[[ DATA SECTION, beginning ]]
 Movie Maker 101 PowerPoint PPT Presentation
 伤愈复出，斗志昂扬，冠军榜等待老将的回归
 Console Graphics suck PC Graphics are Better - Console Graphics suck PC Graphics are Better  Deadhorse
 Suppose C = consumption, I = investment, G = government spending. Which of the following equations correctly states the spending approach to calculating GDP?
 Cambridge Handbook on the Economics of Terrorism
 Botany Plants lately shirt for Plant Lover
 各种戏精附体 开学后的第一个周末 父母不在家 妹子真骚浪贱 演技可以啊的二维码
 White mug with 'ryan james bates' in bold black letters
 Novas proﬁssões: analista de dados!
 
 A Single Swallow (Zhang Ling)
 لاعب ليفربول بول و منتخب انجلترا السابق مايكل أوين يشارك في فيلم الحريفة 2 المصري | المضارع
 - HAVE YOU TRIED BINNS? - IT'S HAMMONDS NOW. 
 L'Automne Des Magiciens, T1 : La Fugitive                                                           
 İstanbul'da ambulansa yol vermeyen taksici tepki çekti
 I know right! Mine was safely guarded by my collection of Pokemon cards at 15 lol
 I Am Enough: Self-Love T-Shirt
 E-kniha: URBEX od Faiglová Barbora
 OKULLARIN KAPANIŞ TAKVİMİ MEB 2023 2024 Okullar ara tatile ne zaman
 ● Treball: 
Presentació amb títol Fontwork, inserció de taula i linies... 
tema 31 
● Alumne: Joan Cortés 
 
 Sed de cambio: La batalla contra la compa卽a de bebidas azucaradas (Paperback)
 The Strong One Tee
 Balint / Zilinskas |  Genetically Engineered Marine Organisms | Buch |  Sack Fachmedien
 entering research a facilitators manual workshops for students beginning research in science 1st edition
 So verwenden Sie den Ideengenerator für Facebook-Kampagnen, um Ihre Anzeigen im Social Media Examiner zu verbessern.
[[ DATA SECTION, end ]]
## EXERCISE AIM
Reproduce the data exactly. Keep every line intact.

## REPLY
 Movie Maker 101 PowerPoint PPT Presentation
 伤愈复出，斗志昂扬，冠军榜等待老将的回归
 Console Graphics suck PC Graphics are Better - Console Graphics suck PC Graphics are Better  Deadhorse
 Suppose C = consumption, I = investment, G = government spending. Which of the following equations correctly states the spending approach to calculating GDP?
 Cambridge Handbook on the Economics of Terrorism
 Botany Plants lately shirt for Plant Lover
 各种戏精附体 开学后的第一个周末 父母不在家 妹子真骚浪贱 演技可以啊的二维码
 White mug with 'ryan james bates' in bold black letters
 Novas proﬁssões: analista de dados!
 
 A Single Swallow (Zhang Ling)
 لاعب ليفربول بول و منتخب انجلترا السابق مايكل أوين يشارك في فيلم الحريفة 2 المصري | المضارع
 - HAVE YOU TRIED BINNS? - IT'S HAMMONDS NOW. 
 L'Automne Des Magiciens, T1 : La Fugitive                                                           
 İstanbul'da ambulansa yol vermeyen taksici tepki çekti
 I know right! Mine was safely guarded by my collection of Pokemon cards at 15 lol
 I Am Enough: Self-Love T-Shirt
 E-kniha: URBEX od Faiglová Barbora
 OKULLARIN KAPANIŞ TAKVİMİ MEB 2023 2024 Okullar ara tatile ne zaman
 ● Treball: 
Presentació amb títol Fontwork, inserció de taula i linies... 
tema 31 
● Alumne: Joan Cortés 
 
 Sed de cambio: La batalla contra la compa卽a de bebidas azucaradas (Paperback)
 The Strong One Tee
 Balint / Zilinskas |  Genetically Engineered Marine Organisms | Buch |  Sack Fachmedien
 entering research a facilitators manual workshops for students beginning research in science 1st edition
 So verwenden Sie den Ideengenerator für Facebook-Kampagnen, um Ihre Anzeigen im Social Media Examiner zu verbessern.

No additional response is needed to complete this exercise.